Political showdown looms as Iraq violence rages

AFP , Tuesday 12 Aug 2014

Iraq
In this Tuesday, July 15, 2014 file photo, Shiite lawmaker and Deputy Parliament Speaker Haider al-Ibadi speaks to the media after an Iraqi parliament session in Baghdad. (Photo:AP)

A political showdown loomed in Baghdad as Nuri al-Maliki appeared determined Tuesday not to go down without a fight after his replacement as prime minister was internationally acclaimed.

Washington urged his successor, Haidar al-Abadi, to rapidly form a broad-based government able to unite Iraqis in the fight against rampant jihadist militants who have overrun large swathes of the country.

The United States, and other countries, said they were working to deliver much-needed arms to the Kurds, who are fighting the Islamic State (IS) on several fronts.

Abadi came from behind in a protracted and acrimonious race to become Iraq's new premier when President Fuad Masum Monday accepted his nomination and tasked him with forming a government.

He has 30 days to build a team which will face the daunting task of defusing sectarian tensions and, in the words of US President Barack Obama, convincing the Sunni Arab minority that IS "is not the only game in town".

"We are urging him to form a new cabinet as swiftly as possible and the US stands ready to support a new and inclusive Iraqi government and particularly its fight against ISIL (IS)," US Secretary of State John Kerry said in Sydney Tuesday.

He reiterated Washington's stance that US air strikes launched last week were not a prelude to the reintroduction of American combat forces.

After seizing the main northern city of Mosul in early June and sweeping through much of the Sunni heartland, jihadist militants bristling with US-made military equipment they seized from retreating Iraqi troops launched another onslaught this month.

They attacked Christian, Yazidi, Turkmen and Shabak minorities west, north and east of Mosul, sparking a mass exodus that took the number of people displaced in Iraq this year soaring past the million mark.

A week of devastating gains saw the jihadists take the country's largest dam and advance to within striking distance of the autonomous Kurdish region.

They also attacked the large town of Sinjar, forcing thousands of mainly Yazidi civilians to run up a mountain and hide there with little food and water.

US strikes and cross-border Kurdish cooperation appeared to stop the rot and yielded early results on several fronts, with thousands of Yazidis managing to escape their mountain death trap and Kurdish troops beginning to claw back lost ground.

The United States has been leading an increasingly international effort to deliver humanitarian assistance to the hundreds of thousands who have poured into Kurdistan over the past week alone.

US Defence Secretary Chuck Hagel said it was the Iraqi government that had requested US assistance in providing the peshmerga with more arms.

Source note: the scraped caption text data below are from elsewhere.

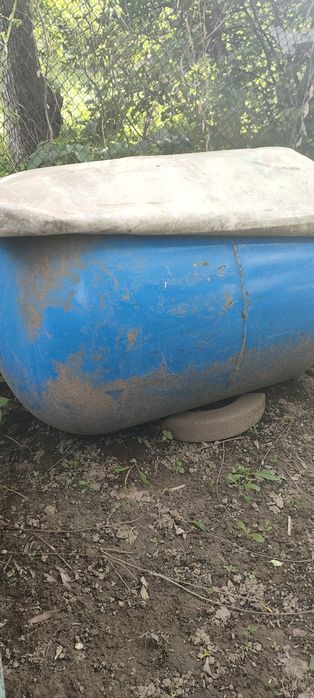 Продам . Вакуумный бак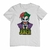 Camiseta branca com estampa do Coringa, apresentando seu rosto sorridente e a palavra "JOKER" em destaque.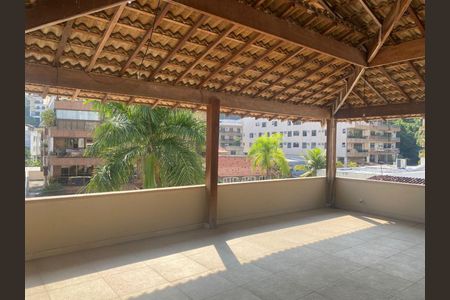 Casa à venda com 380m², 4 quartos e 3 vagas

"We are -- American forces, through CENTCOM -- are helping get that equipment to Arbil," he said.

Obama had made it clear he thought no effective and coordinated anti-jihadist counter-offensive could take place while Maliki was still in charge.

But the 64-year-old Shiite leader appeared determined to pull every stop to stay in power for a third term.

Zaid al-Ali, an Iraqi lawyer and the author of The Struggle for Iraq's Future, said Maliki had some reasons to worry about his future if he relinquishes power.

"There's been so much blood, so much suffering over the past few years, he's going to be a marked man," he said.

Surrounded by 30-odd loyalists from his Shiite bloc, Maliki gave a speech denouncing Abadi's nomination as a violation of the constitution.

Maliki, who worked hand in glove with the US when it occupied Iraq, accused Washington of now working to undermine him.

But, even if he could still complicate the handover of power, he looked more isolated than ever, despite deploying special forces and armoured vehicles across strategic locations in Baghdad.

The UN's top envoy in Iraq called on the security forces to "refrain from actions that may be seen as interference in matters related to the democratic transfer of political authority".

"The only lasting solution is for Iraqis to come together and form an inclusive government," Obama told reporters on Monday.

While Maliki's Shiite militias and Iraq's armed forces have tried to battle IS fighters, the outgoing premier is seen by many as partly to blame for the crisis for having alienated the Sunni minority.

Further south, people in a Sunni Arab neighbourhood of the city of Baquba gathered in the street on Monday and fired shots in the air to celebrate Maliki's political defeat.

Abadi, a Shiite politician considered close to Maliki, was born in Baghdad in 1952 and returned from British exile in 2003 when US-led forces toppled Saddam Hussein.